The Emotional Impact of Unexpected Flares
Imagine thinking you’ve conquered IBD through surgery, only to have a painful, disfiguring wound appear on your face. The psychological impact of such an experience can be devastating. It challenges our sense of control and our belief in our recovery narrative.

This case reminds us that healing from chronic illness is rarely linear. We might have periods of feeling completely normal, followed by unexpected challenges that test our resilience. Having a strong support system and mental health resources becomes crucial for navigating these unpredictable moments.

Questions to Discuss with Your Healthcare Team
If you’ve had IBD surgery or are in remission, consider discussing these questions with your doctor:

  • What extra-intestinal manifestations should I watch for, given my specific IBD history?
  • How often should I have follow-up appointments and monitoring, even if I feel well?
  • What unusual symptoms should prompt me to seek immediate medical attention?
  • Should I inform other healthcare providers (dermatologists, eye doctors, etc.) about my IBD history?
  • What’s my personal risk level for developing conditions like pyoderma gangrenosum?

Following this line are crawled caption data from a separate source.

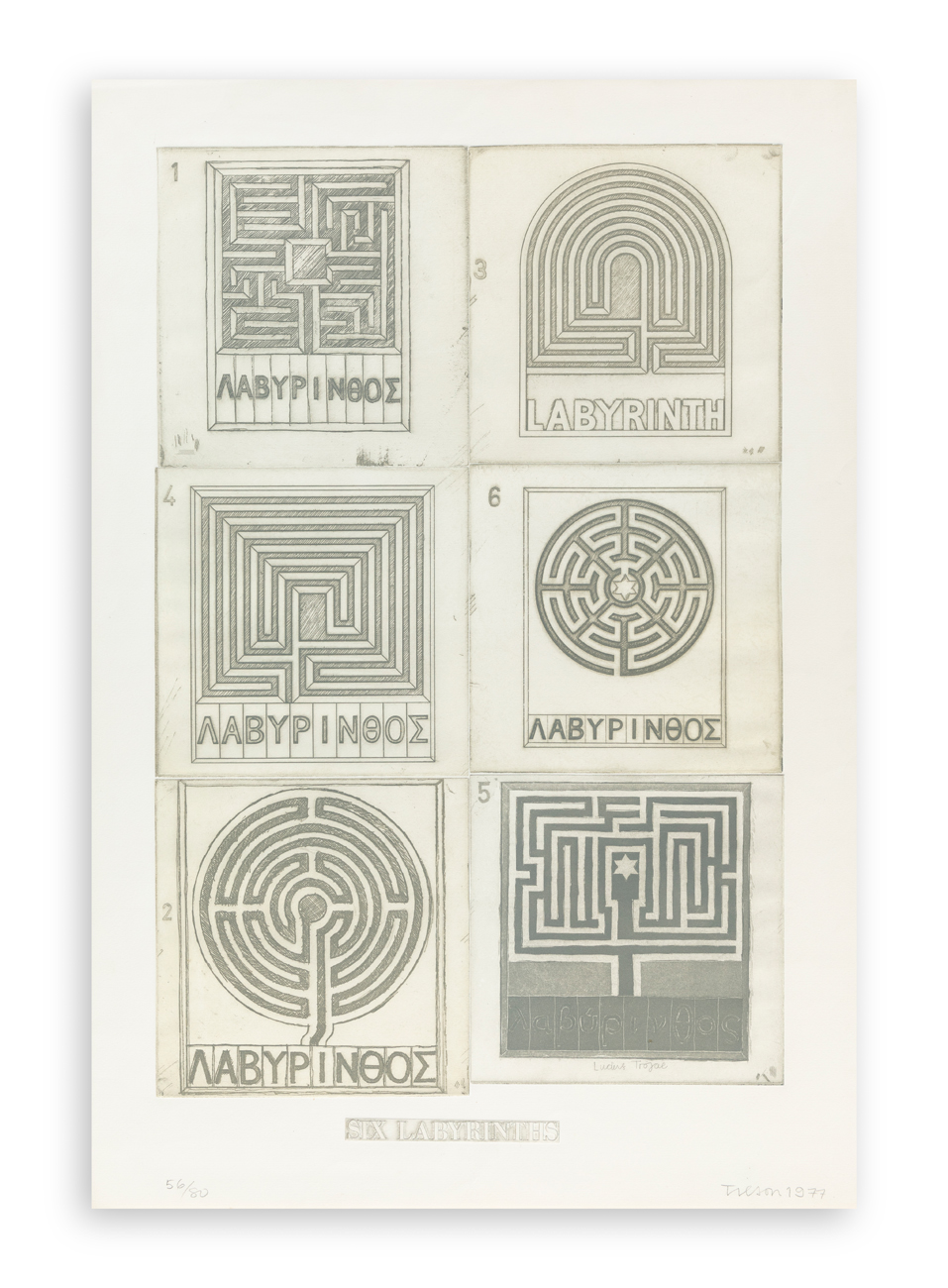 JOE TILSON (1928-2023) - Six Labyrithes, 1977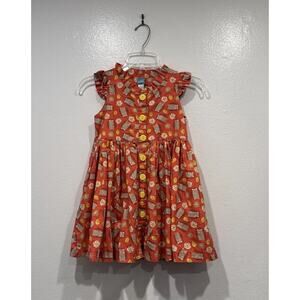 Little‎ Miss Marmalade Girls Size 7 Orange Dress Button Front Floral Hedgehog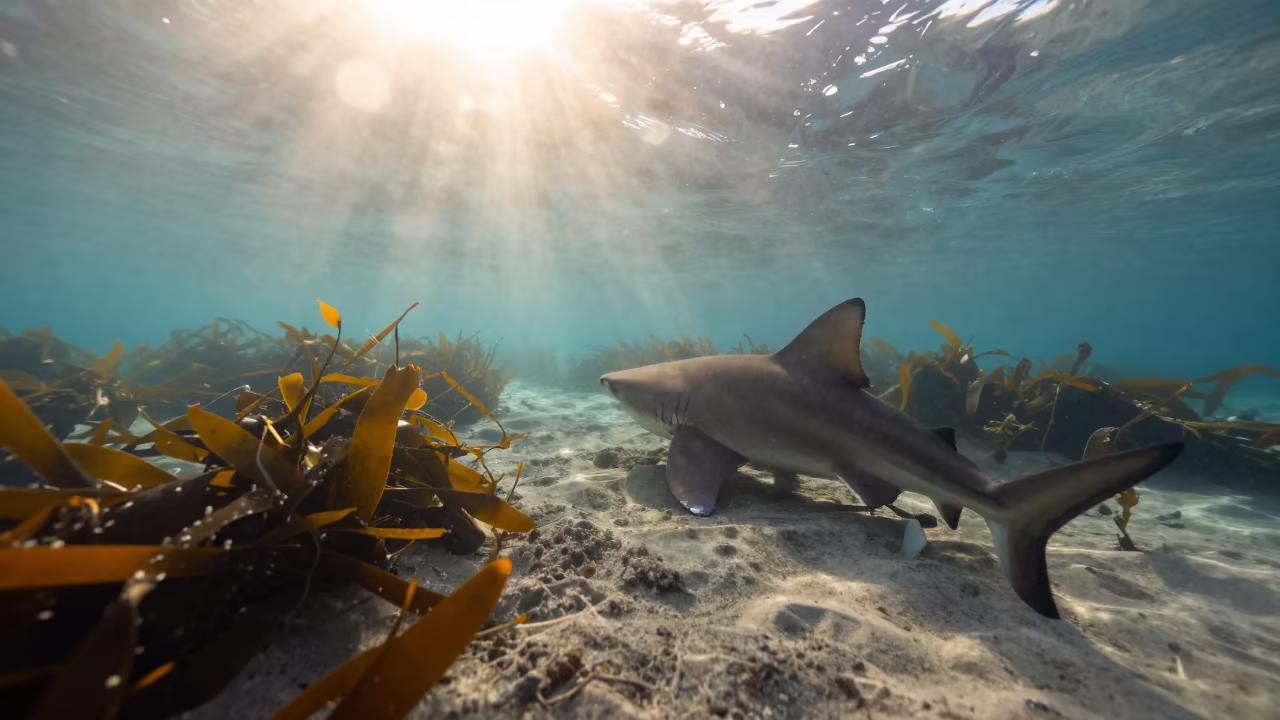 Horn Shark Resting on Kelp Forest Floor at Dawn in along a seagrass channel near the coast in California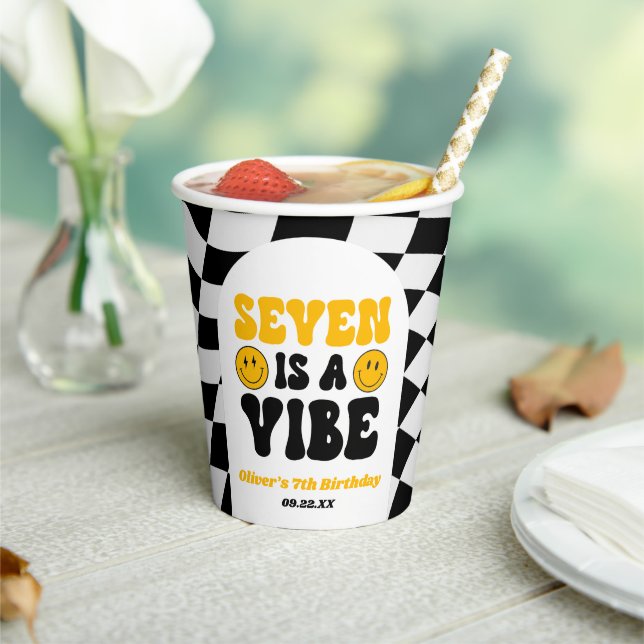 Seven Is A Vibe Retro Seventh 7th Birthday Party Paper Cups (Insitu)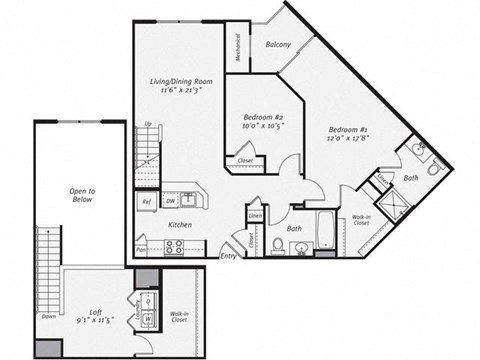 Floor plan for 2 beds, 2 baths, 1219 sqft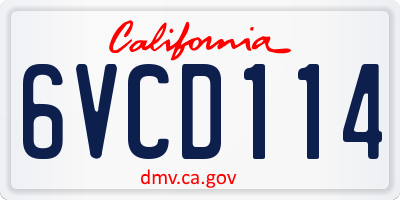 CA license plate 6VCD114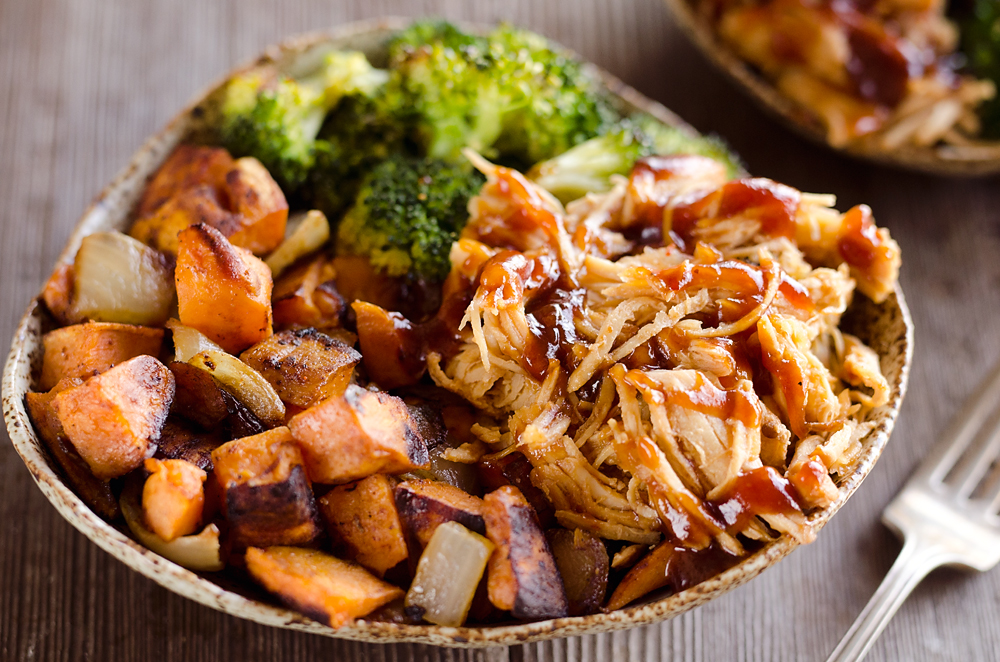 grilled chicken breast with charred sweet potato with a side of broccoli 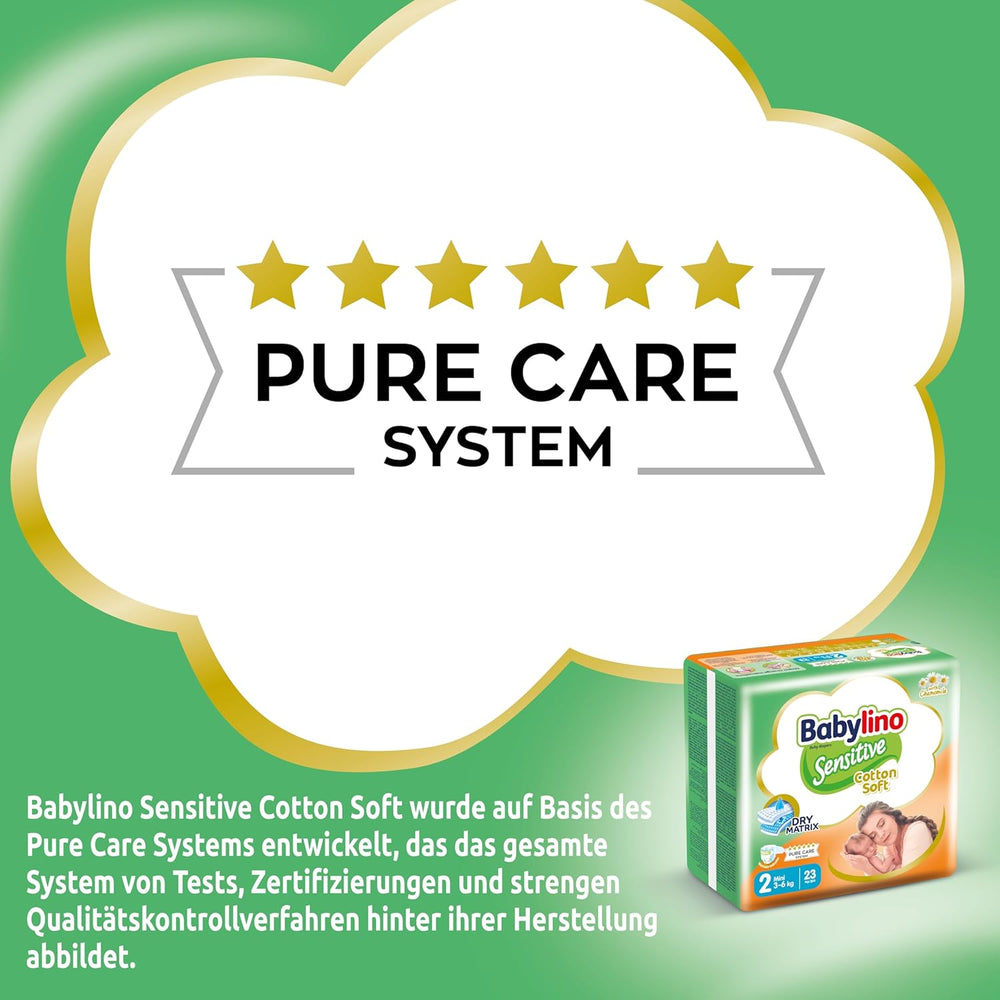 Pannolini per bambini sensibili, taglia 2, mini (3-6 kg), 192 pannolini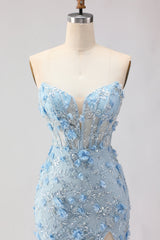 Sparkly Blue Sweetheart Mermaid Appliqued Prom Dress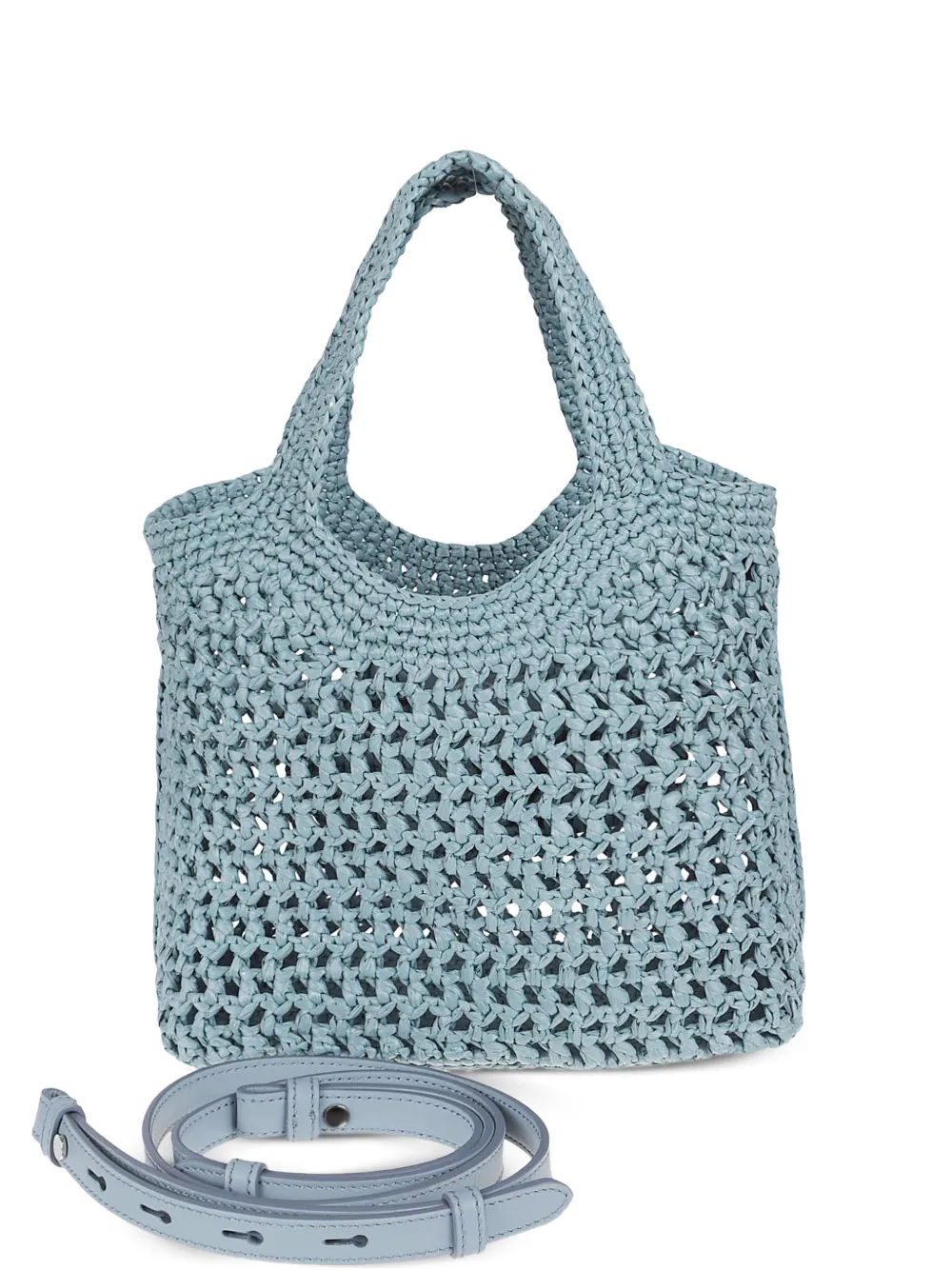 Tod's logo-appliqué crochet-knit tote bag - Blu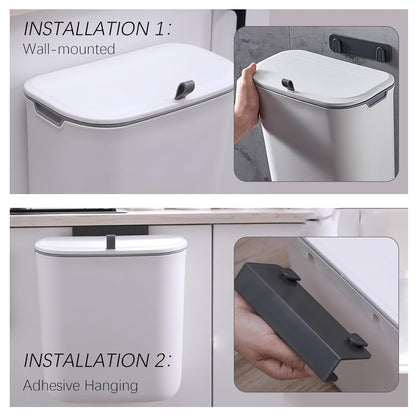 Compost Bin, 2.5 Gallon Hanging Trash Can with Lid, Kitchen Cabinet Door Under Sink Plastic Garbage Can Wall Mounted Slide Open, White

The Importance of Comprehensive IBD Care
This case reinforces why comprehensive IBD care involves more than just gastroenterology. The most effective treatment approach often includes dermatologists, rheumatologists, ophthalmologists, and mental health professionals who understand the systemic nature of IBD.

Many IBD centers now offer multidisciplinary clinics where you can see multiple specialists in one visit. If you don’t have access to such a center, make sure your various healthcare providers communicate with each other about your IBD history.

Looking at the Bigger Picture
While this case might initially seem frightening, it actually represents progress in IBD understanding and treatment. The fact that doctors could quickly diagnose and effectively treat this rare presentation shows how far we’ve come in recognizing the systemic nature of IBD.

The patient in this case responded well to treatment with steroids and immunosuppressive medications. This suggests that even when IBD surprises us with unusual presentations, we have effective tools to fight back. The key is rapid recognition and appropriate treatment.

Moreover, cases like this help educate the medical community about rare presentations of IBD, potentially leading to faster diagnosis and treatment for future patients who might experience similar symptoms.

The bottom line is that this case, while concerning, also demonstrates the resilience of the human body and the effectiveness of modern IBD treatments when properly applied. It reminds us that our IBD journey continues throughout our lives, but we have the knowledge, tools, and support systems to handle whatever comes our way.

Remember, knowledge is power in managing IBD. The more we understand about the potential complexities of our condition, the better equipped we are to recognize problems early and advocate for appropriate care. This case study, while highlighting an unusual scenario, ultimately empowers us with information that could prove valuable in our own health journey.


IBD Movement provides information for educational purposes only. This content is not intended to be a substitute for professional medical advice, diagnosis, or treatment. Always seek the advice of your physician or other qualified health provider with any questions you may have regarding a medical condition.